You can solve for your experimental gravity by multiplying A by 2. It should be very close to if not -9.8 m/s^2. It is negative because gravity pulls things down which in mathematical terms means it is going in negative direction.

When looking at the graph of Velocity vs. Time we see something different. We see a line, not a parabola and instead of doing a curve fit we do a linear fit for this graph to find acceleration. Once performing a linear fit, you are given an equation v=mt+b where:

• m = acceleration...........................................(m/s^2)
• b = velocity..................................................(m/s)

We can use this graph to find our experimental gravity which in this case would be the m, or slope, of the velocity graph.

Conclusion:

In this lab, we looked at how to solve for the acceleration of gravity by tracking a falling ball and interpreting their Postion vs.

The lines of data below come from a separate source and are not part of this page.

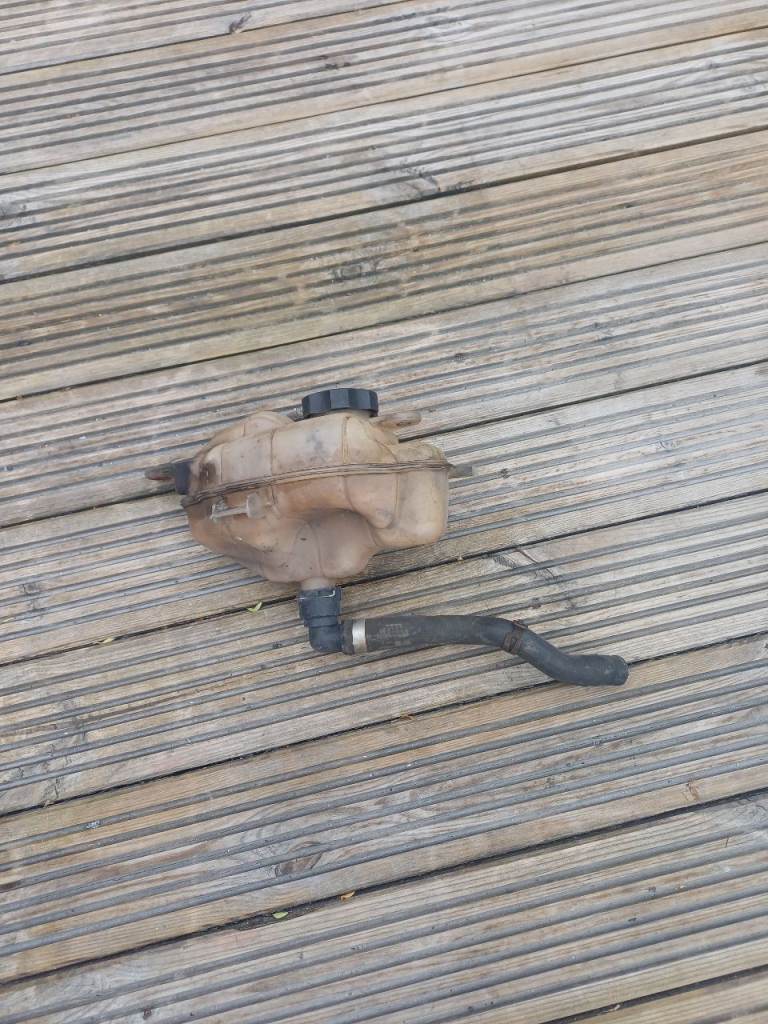 Coolant expansion tank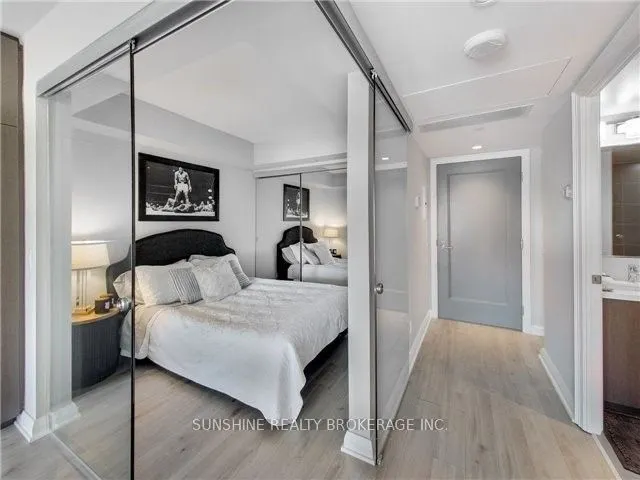 155 Yorkville Avenue, #1518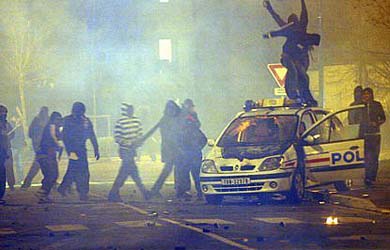 Segunda noche de violencia en los suburbios del norte de Par&iacute;s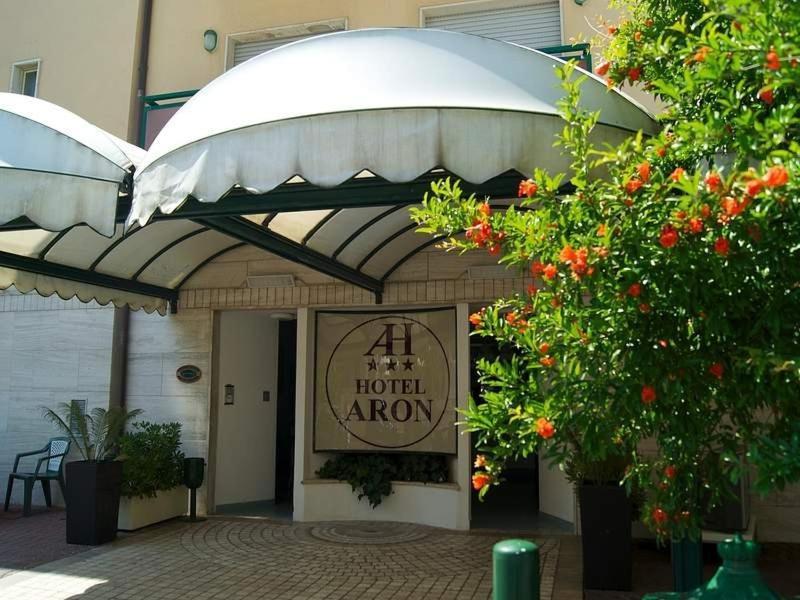 Aron Hotel Rimini Dış mekan fotoğraf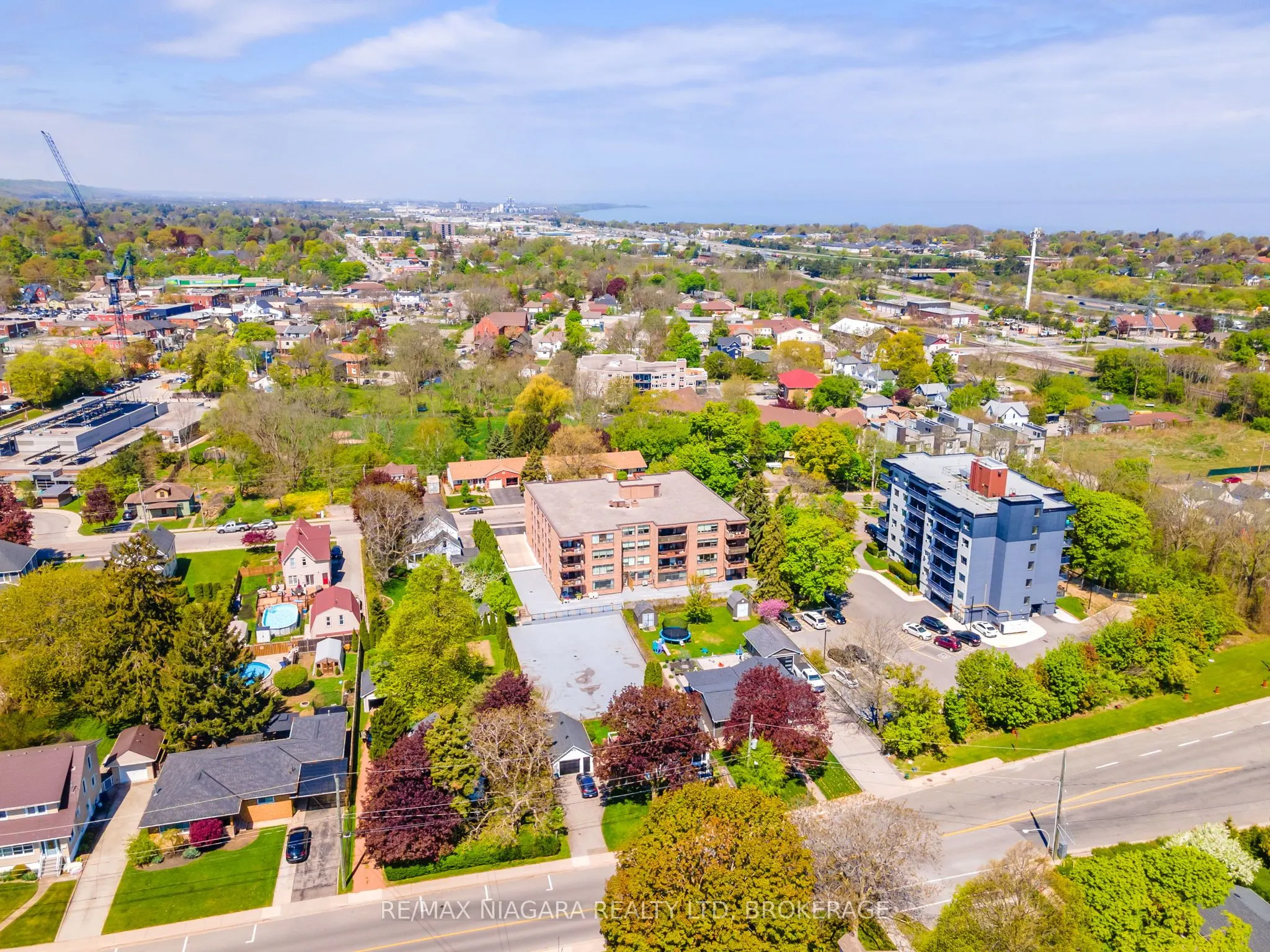 28 Robinson Street N, #305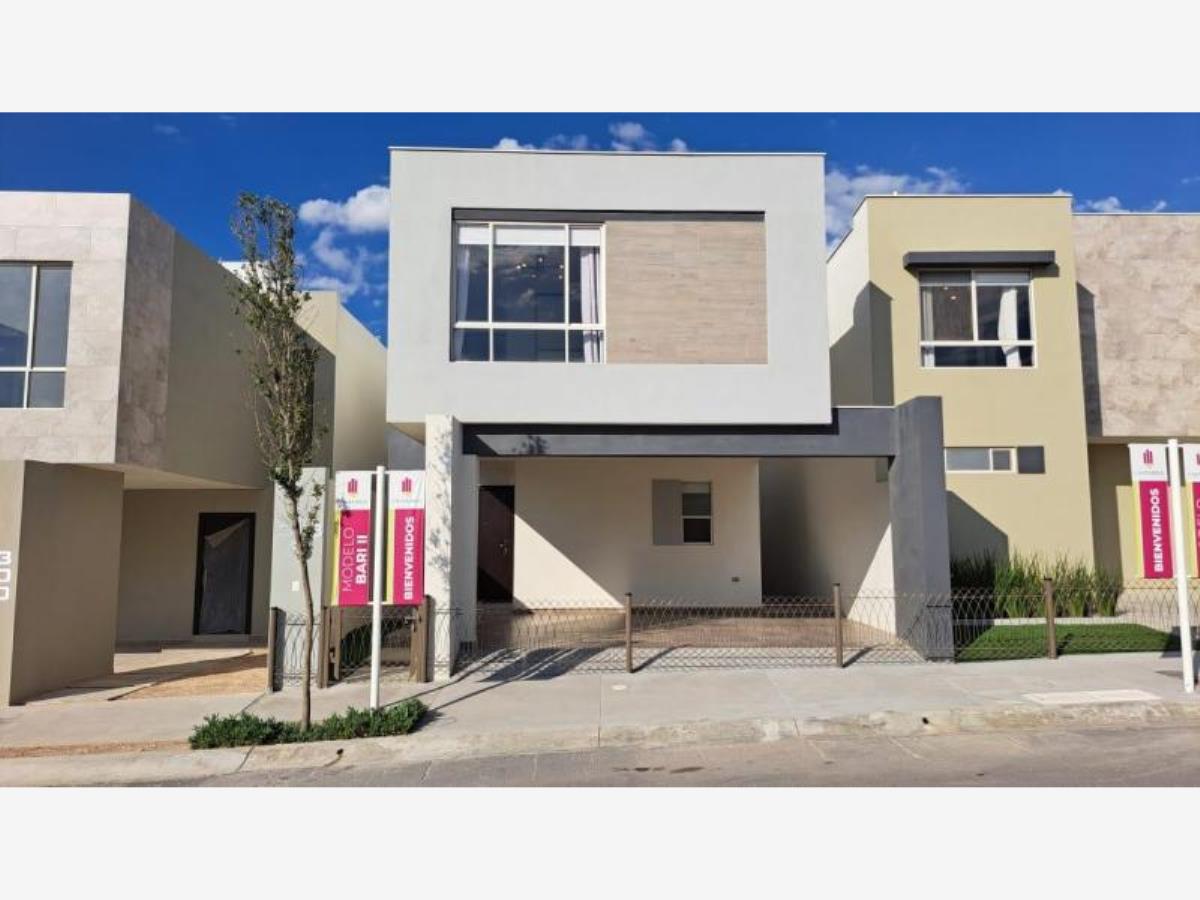 Casa en venta en La Palma, Saltillo — foto 1 de 42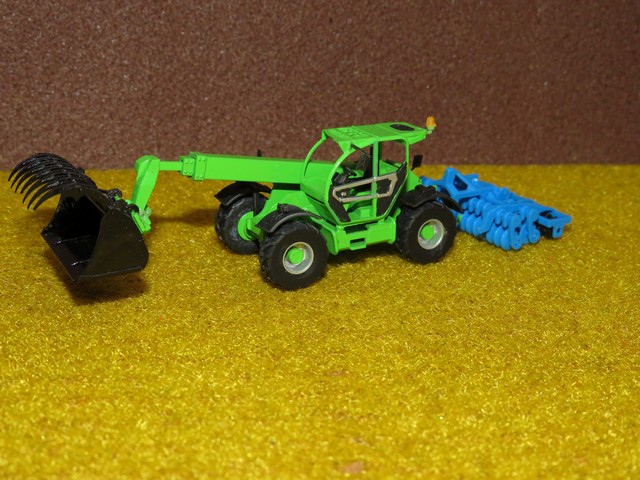 Merlo télescopique attelé à un déchaumeur    .JPG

Time graph as well as the Velocity vs. Time graph. I learned through the unit analysis, what each coefficient of quadratic and linear functions are and how they can help us solve for gravity. We were able to solve for the gravity from our results but they weren't all exactly the -9.80 m/s^2 we were trying to achieve. This is because of the errors that could have occured during lab like when we were throwing the ball there wasn't exactly a perfect scenario to make a perfect graph. Some things that could have possibly affected it was the motion detector not being able to follow the ball within 1 meter of it which made the graph do all the crazy spikes that occurred. That is why we ended up selecting a portion of the graph that was smooth and continuous to select a fit whether it was a curve fit or linear. There was also trial and error when throwing the ball up because we didn't get it perfectly above the motion sensor everytime and the motion detector was also covered by a wire basket that it could have picked up instead of the ball to throw our data off.